ところが、そうすると一つのアポリアが生まれる。つまり、彼ら百姓や商人は、

  • まったく「道徳」を知らない

わけである。忠義とかも知らない。その「精神」が何なんだとか言われても、理解できない。しかし、彼らは「戦場」に行くわけです。そうすると何が起きるか。

  • 分け前

の要求です。多くの戦死者を出します。当然、彼らはその中を生き残ったのですから、それ相当の分け前を要求するようになります。
つまり、何が起きているのか。より、大衆が、国家中枢の求心力に吸い込まれていくわけです。大衆は、なんとか国家に気に入られようとします。

また全国で競って建立された忠魂碑のごときも、地域社会の国家に対する不気味なまでの忠君愛国精神を誇示----「国民である」ことを国家に認知してもらう自己顕示----する記念碑であって、政府はこのような建立熱を抑制するのに苦慮しなければならなかったほどである。
このように、明治維新から日露戦争にいたる「栄光の歴史」を育んできたと見られた大日本帝国の忠君愛国精神は個々の臣民に内面化された、自制心にあふれた理性とはほど遠く、きわめて形式的・外面的なものでしかなかったことが暴露されたのであった。

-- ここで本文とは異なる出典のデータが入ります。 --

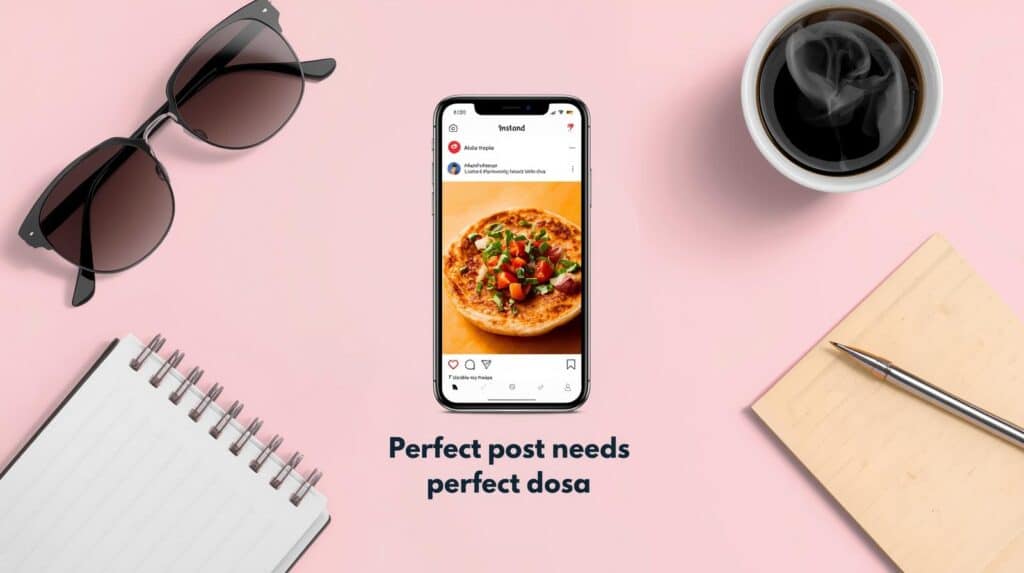 Dosa Lover Quotes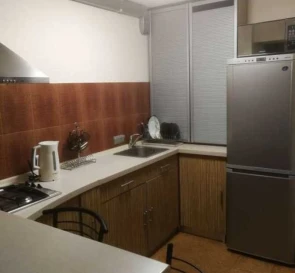 Foto 2. Monoambiente piso, para alquilar. Odesa Приморский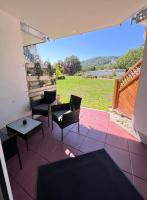RheinLahn Stay - Fewo am Lahneck - 10 min bis Koblenz - Chambres d'hôtes Lahnstein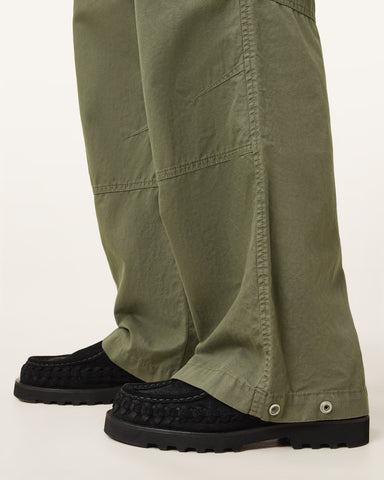 Depot Oversized Pants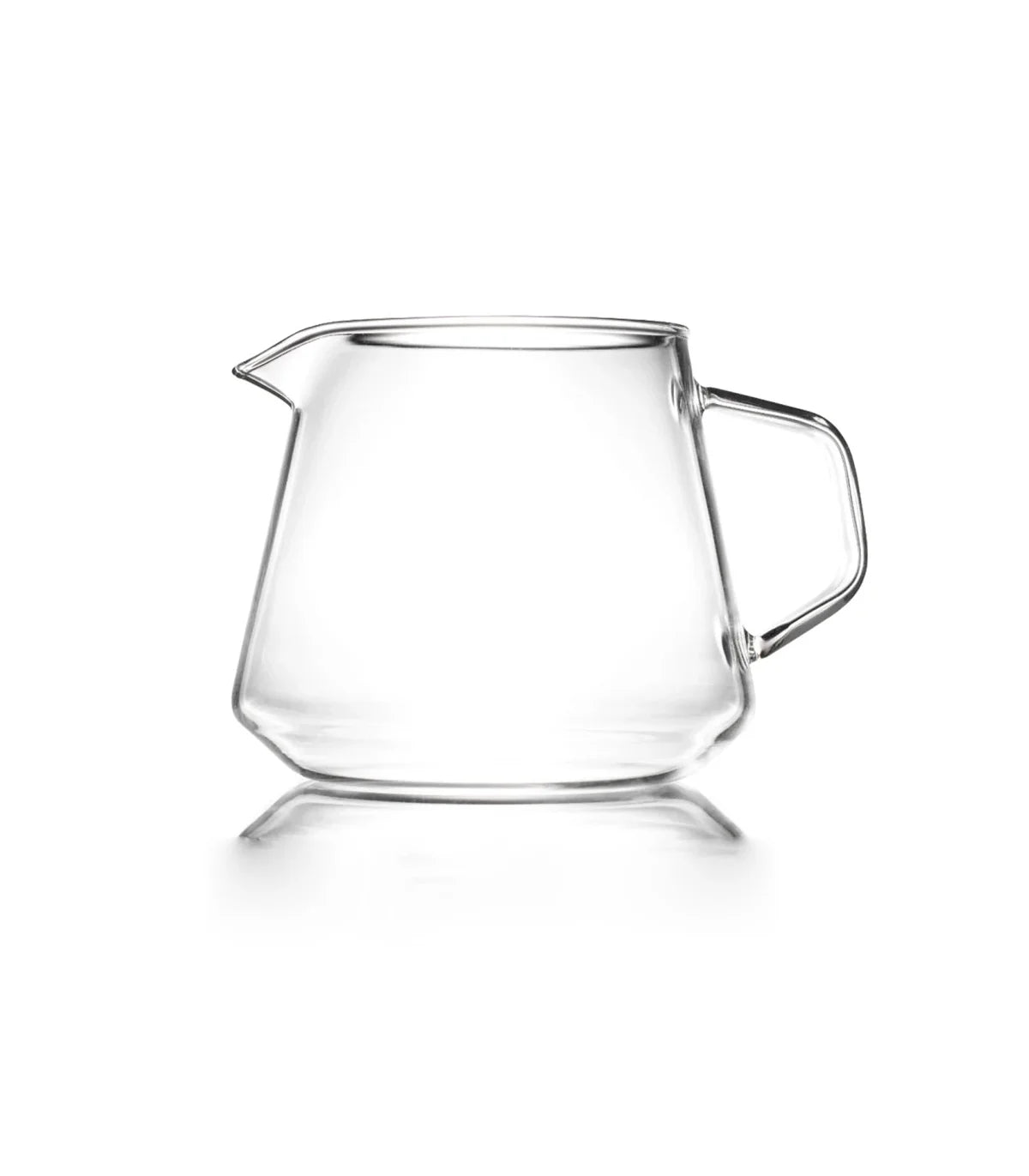 Graycano Pourcano Server – Jarra de vidrio 500 ml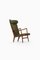 AP-15 Lounge Chair by Hans J. Wegner for AP-Stolen, 1950s, Image 5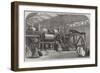 The International Exhibition, Great Sugar-Mill, by Mirlees and Tait, of Glasgow-George Henry Andrews-Framed Giclee Print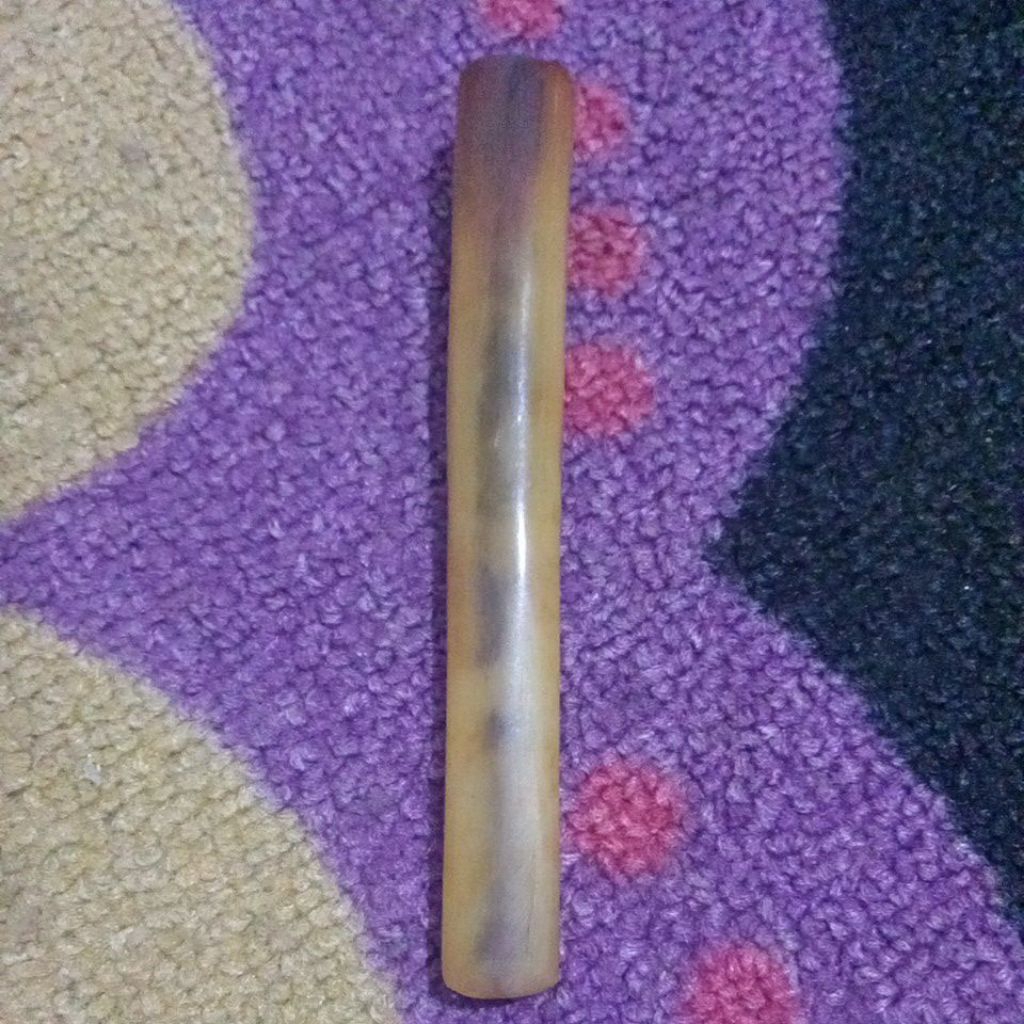 pipa gading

進んで、愛国者であることを、国家にアッピールするようになります。わざとらしく、国家にまとわりついてきます。そして、さかんに「忠義」の「お返し」としての、褒美、それ相応の、役職の要求をするようになります。
これが「大衆」化です。
これ以降、日本の政治は、天皇を「神」として、礼拝する対象として、国民をキリスト教徒のように「逆踏み絵」していくようになります。つまり、高校教師の君が代を歌っているかの口元チェックのような

  • 監視社会

へと、一気に梶を切っていくわけです。
「君死にたもうことなかれ」の与謝野晶子は、独特の社会観をもっていました。彼女は、自分というもの、自分の利己主義は、「外の広がる」と言うわけです。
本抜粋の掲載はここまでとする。